_PROBLEM TO WORK ON_. Return verbatim the lines that run from the one holding "Is Fire Emblem" to the end of the listing, both ends included, without the pictures.

_THE DATA_.

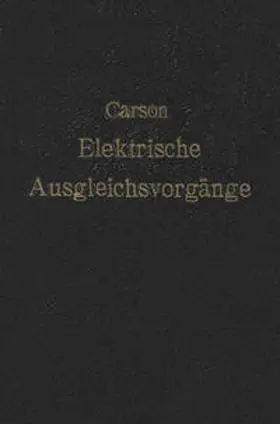 Carson / Ollendorf / Pohlhausen |  Elektrische Ausgleichsvorgänge und Operatorenrechnung | eBook | Sack Fachmedien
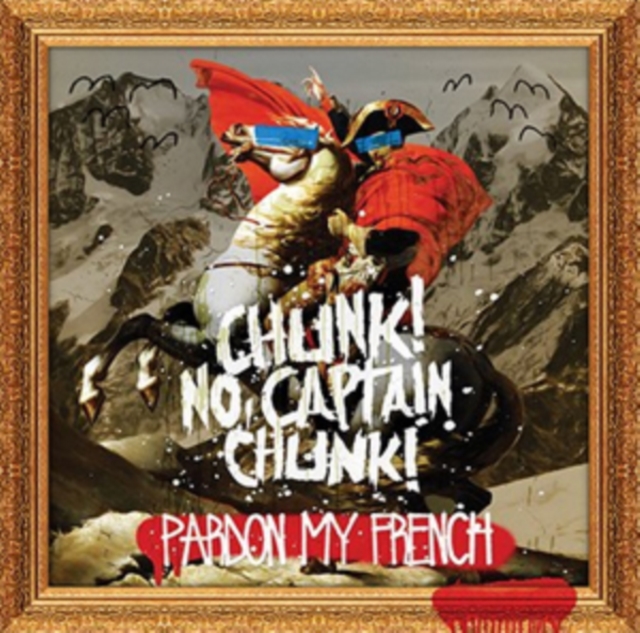 Chunk No Captain Chunk - Pardon My French - Volume.ro
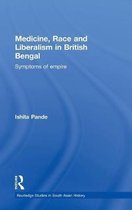 Medicine, Race, And Liberalism In British Bengal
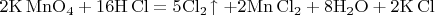 $\mathrm{2K\,MnO_4 + 16H\,Cl = 5Cl_2\!\uparrow + 2Mn\,Cl_2 + 8H_2O + 2K\,Cl}$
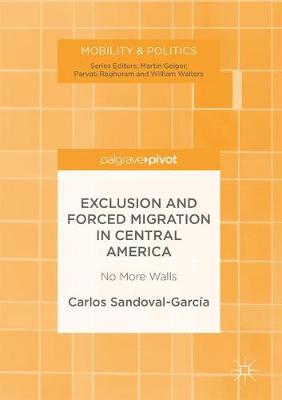 Exclusion and Forced Migration in Central America: No More Walls 1st ed. 2017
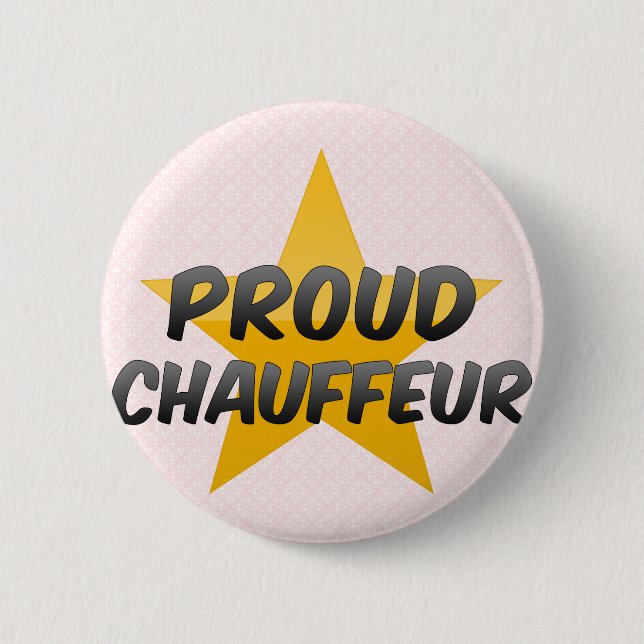 Proud Chauffeur 6 Cm Round Badge (Front)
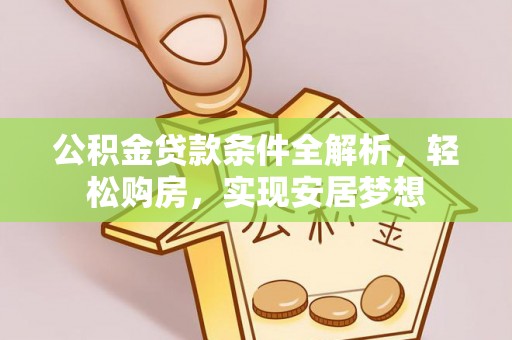 尖石公积金贷款条件全解析，轻松购房，实现安居梦想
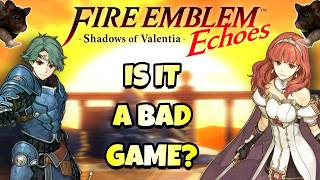 Is Fire Emblem Echoes A Bad Fire Emblem Game [upl. by Ainaled822]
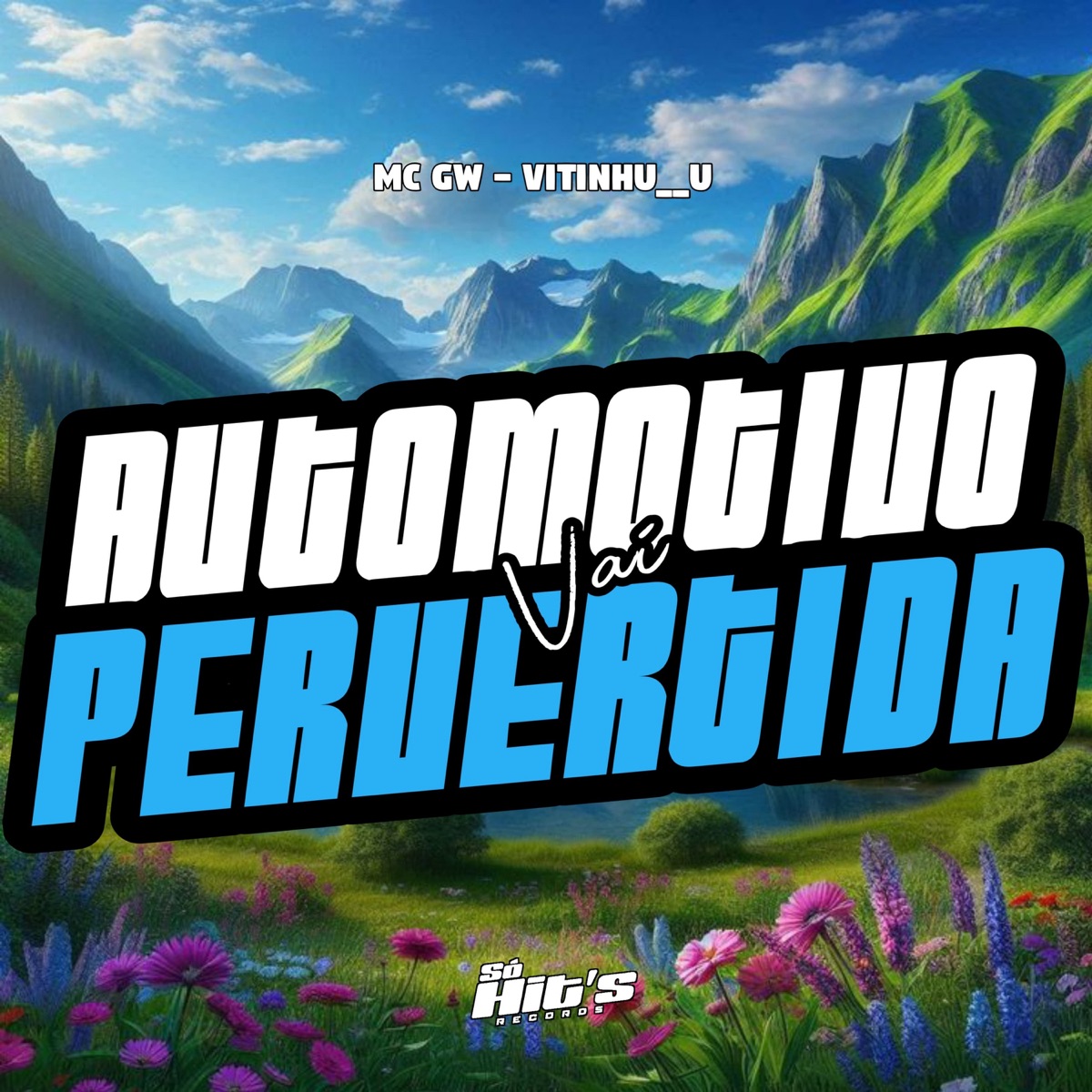 Automotivo Vai Pervertida - Single by Vitinhu__u & Mc Gw album cover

_WRITTEN RESPONSE_.
 Is Fire Emblem Echoes A Bad Fire Emblem Game [upl. by Ainaled822]
 Automotivo Vai Pervertida - Single by Vitinhu__u & Mc Gw album cover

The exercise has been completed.